10-11-2022 08:22 AM
Hello Everyone,
My programm acquire data in single points that I would like to integrate using the real dt and the trapezoidal rule: ((X(i-1) + X(i)) / 2) * dt
Here is what is happening in my programm: I become through a scale the mass in [g]. After derivating in manually with the realt dt (see VI attached) I become the mass flow [g/s]. In order to validate my results I want to integrate the mass flow to get the mass [g]. However, the results of the integration differ significantely from the mesured mass from the scale itself.
I tried to explain the context in the screenshot attached.
Do you have any ideas why am I getting false results ?
best regards
Solved! Go to Solution.
10-11-2022 08:53 AM - edited 10-11-2022 09:33 AM
Hi Ezzow,
1. I'm not sure why you want to "validate" a measured value by derivating it and then re-integrating it right away...
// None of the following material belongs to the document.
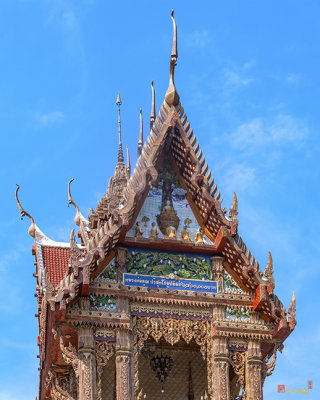 Wat Mai Amphawan Phra Ubosot Gable (DTHNR0268)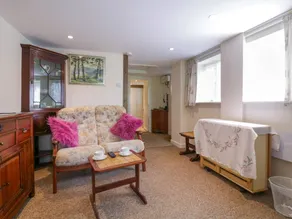 Lovely cottage with terrace & garden - Image 4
Note that numerical integration is an approximation of the true integral and that you will have a deviation over time due to iterative approximation and rounding errors.
2. Your formula is right but you only compute the surface of the current trapeze.
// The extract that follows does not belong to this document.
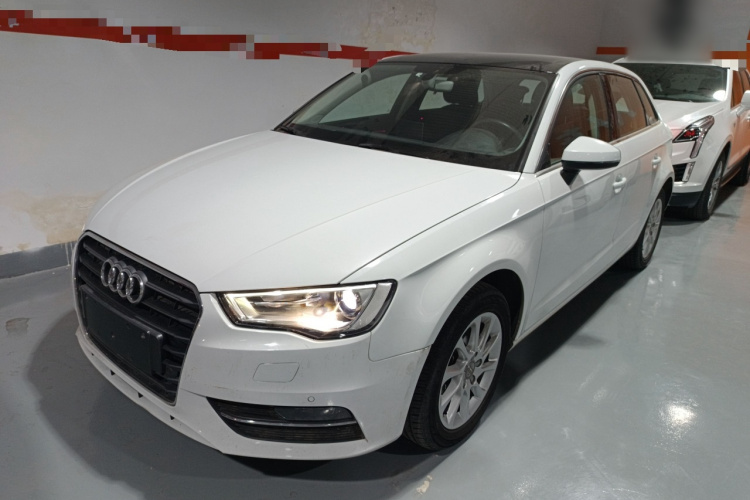奥迪A3 2015款 Sportback 35 TFSI 百万纪念智领型车身外观1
You must add it up to a shift register to compute the sum of all trapezes to get the global integral.
Test the attached VI:
10-11-2022 09:39 AM
@raphschru wrote:
Hi Ezzow,
1. I'm not sure why you want to "validate" a measured value by derivating it and then re-integrating it right away...
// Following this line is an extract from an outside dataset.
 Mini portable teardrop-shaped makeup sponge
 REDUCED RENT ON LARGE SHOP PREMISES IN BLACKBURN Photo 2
Note that numerical integration is an approximation of the true integral and that you will have a deviation over time due to iterative approximation and rounding errors.
2. Your formula is right but you only compute the surface of the current trapeze.
You must add it up to a shift register to compute the sum of all trapezes to get the global integral.
Test the attached VI:
That made me laugh. You meant "trapezoid" not "trapeze".
10-11-2022 10:05 AM
10-11-2022 10:09 AM
@raphschru wrote:
Damn I was fooled by the french translation "Méthode des trapèzes", I thought trapezoid was the adjective and trapeze the noun.
They're both nouns.
10-12-2022 02:55 AM - edited 10-12-2022 02:55 AM
Hi raphschru,
I apreciate your help, thank you!
The VI is working.
Can you please explain the role of the red marked part? because I didn't get it. I even removed it and it's still working.
best regards
10-12-2022 03:11 AM
@Ezzow wrote:
Can you please explain the role of the red marked part? because I didn't get it. I even removed it and it's still working.
The True sets the starting value to m(g), and then it adds the dy/dx (i assume) If you set a breakpoint after the Select and Retain wire values or Highlight mode it should be obvious.